Frida Kahlo, Diego Rivera
L’art en fusion

Musée de l’Orangerie
9 octobre 2013- 13 janvier 2014

Autoportrait en robe de velours (1926)

Autoportrait en robe de velours (1926)

Lorsque deux artistes se rencontrent, qu’ils partagent l’amour de l’art, la passion de leur pays et les mêmes combats politiques… cela fait boum !

Les deux peintres mexicains, unis dans la vie pour le meilleur et pour le pire, sont deux peintres immenses et singuliers. Leur relation fut tumultueuse mais créatrice, chacun reconnaissant le génie de l’autre.

Frida est restée longtemps dans l’ombre de Diego. Mais aujourd’hui, une sorte de « Fridamania » l’emporte dans la lumière.
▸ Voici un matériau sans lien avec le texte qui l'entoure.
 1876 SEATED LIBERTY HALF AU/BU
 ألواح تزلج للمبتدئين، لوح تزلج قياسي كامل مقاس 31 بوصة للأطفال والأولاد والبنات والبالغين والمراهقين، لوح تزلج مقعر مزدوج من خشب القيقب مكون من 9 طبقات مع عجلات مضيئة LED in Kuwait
Elle est devenue l’icône et l’image de toutes les modernités.

Une grande partie des œuvres présentées vient du musée de Dolorès Olmedo, mécène qui a mis sa vie au service de l’art mexicain et des deux monstres sacrés aujourd’hui exposés à l’Orangerie.

Un couple mythique

 La gloire de Diego

Autoportrait  au chapeau (1907)  Museo Dolorès Olmedo, Mexico, Xochimilco

Autoportrait au chapeau (1907)
Museo Dolorès Olmedo, Mexico, Xochimilco

Il est né au Mexique en 1886. En 1907 il obtient une bourse pour étudier l’art qui lui permet d’aller en Europe et d’entrer en relation avec le cubisme et les mouvements d’avant-garde. Il fréquente Modigliani, Picasso, Apollinaire. Il acquiert rapidement la reconnaissance de ses pairs. Il est célèbre dès les années 1920.

Paysage du Midi (1918) Museo Dolorès Olmedo, Mexico, Xochimilco

Paysage du Midi (1918)
Museo Dolorès Olmedo, Mexico, Xochimilco

De 1907 à 1921 Diego vit en Europe. A Madrid il s’enthousiasme pour Goya, à Paris il admire Cézanne, jusqu’à éprouver ce que l’on a appelé « le choc cézannien de Diego. Puis il devient l’ami de Picasso et s’éprend du cubisme, « l’art qui ne respecte rien » dit-il.

Le marché aux puces (1915) Museo Dolorès Olmedo, Mexico, Xochimilco

Le marché aux puces (1915)
Museo Dolorès Olmedo, Mexico, Xochimilco

En 1916 une exposition personnelle lui est consacrée à New York, alors qu’il appartient au mouvement cubiste.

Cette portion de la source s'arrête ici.